» **Exercise prompt**: Your answer should hold only the lines from the one with "detail Newborn Mary Janes with flower" through the end of the records, repeated exactly and minus any pictures.

*** Opening Dataset ***

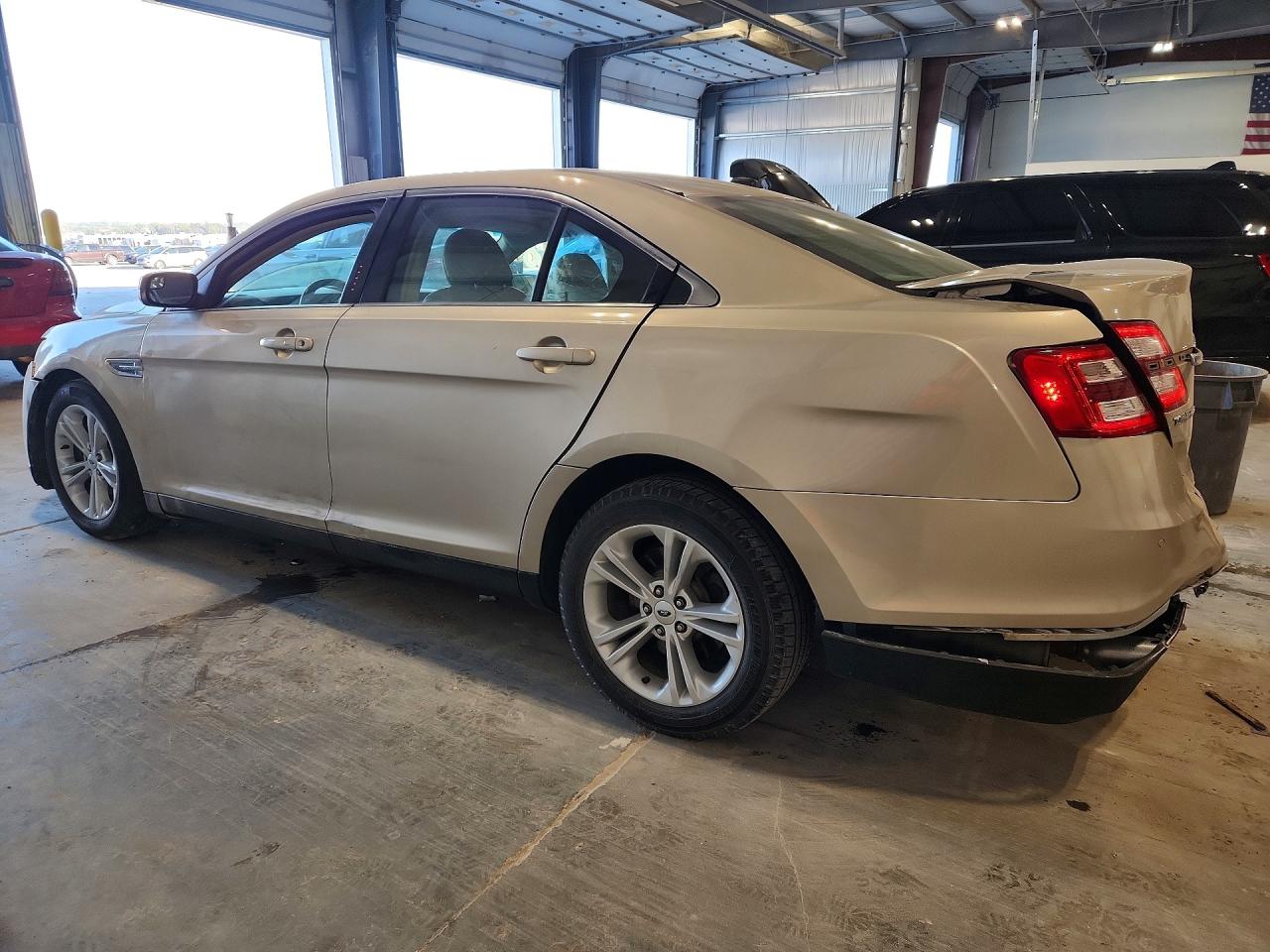 Ford Taurus Sel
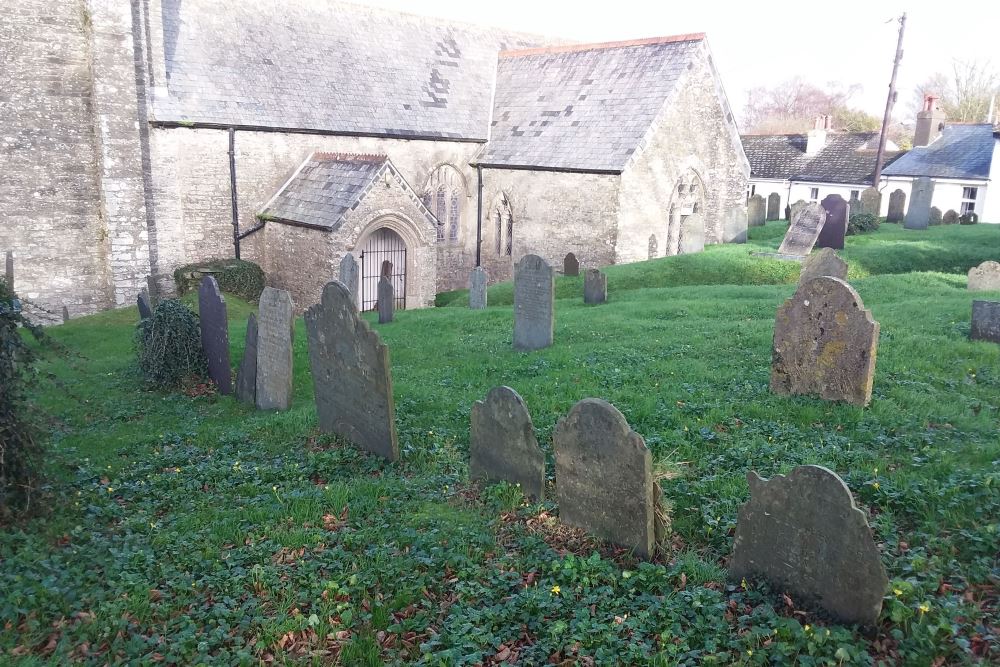 Oorlogsgraven van het Gemenebest St. Michael Churchyard #1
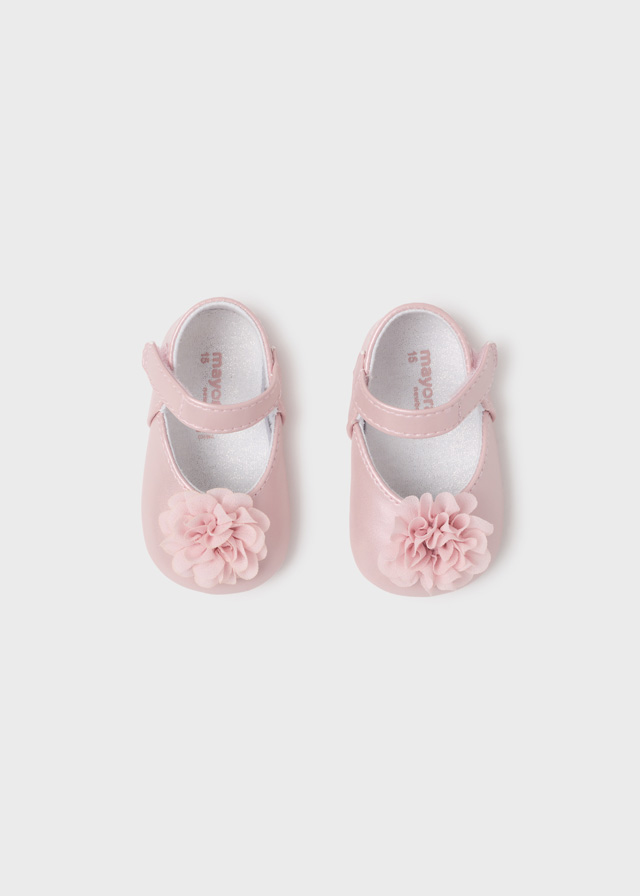 detail Newborn Mary Janes with flower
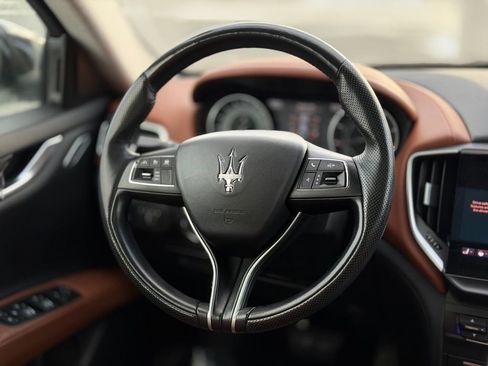 Used 2021 Maserati Ghibli S Q4 image 11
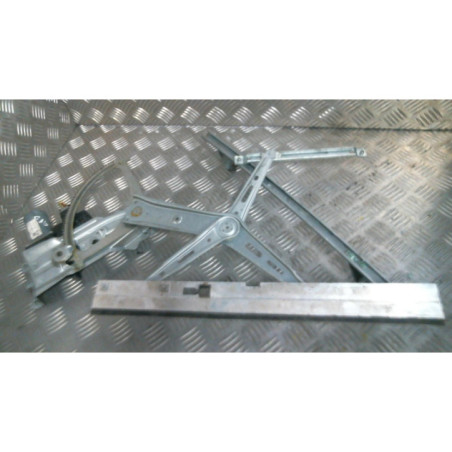 Leve vitre electrique avant droit OPEL ZAFIRA B Photo n°1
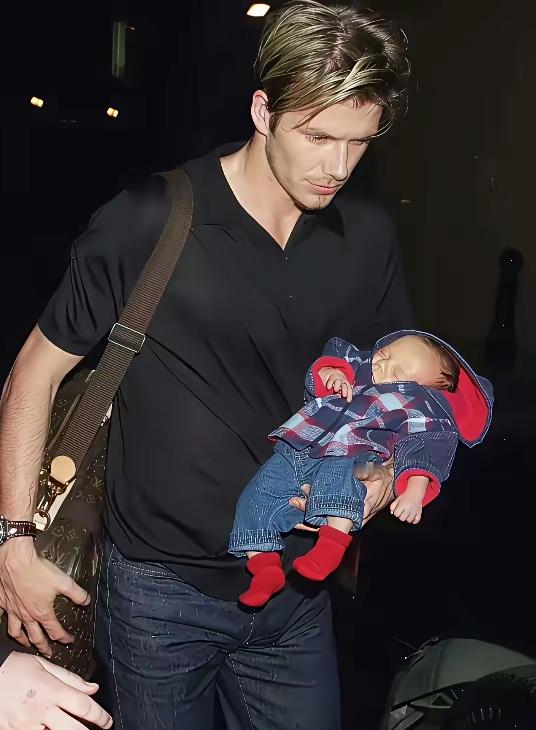 多么年轻帅气的贝克汉姆，是多少女性的梦中情人，他手上的宝贝儿就是他的长子布鲁克林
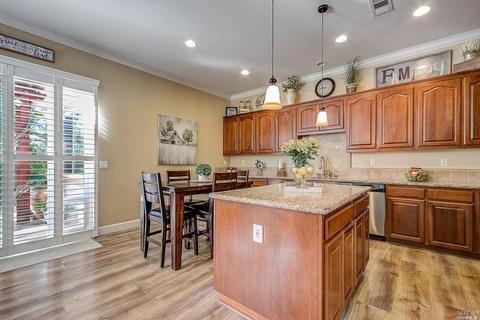 875 Hampton St, Vacaville, CA 95687 photo 21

*** Closing Dataset ***

» **Response box**:
 detail Newborn Mary Janes with flower
 Used 2021 Maserati Ghibli S Q4 image 11
 Leve vitre electrique avant droit OPEL ZAFIRA B Photo n°1
 多么年轻帅气的贝克汉姆，是多少女性的梦中情人，他手上的宝贝儿就是他的长子布鲁克林
 875 Hampton St, Vacaville, CA 95687 photo 21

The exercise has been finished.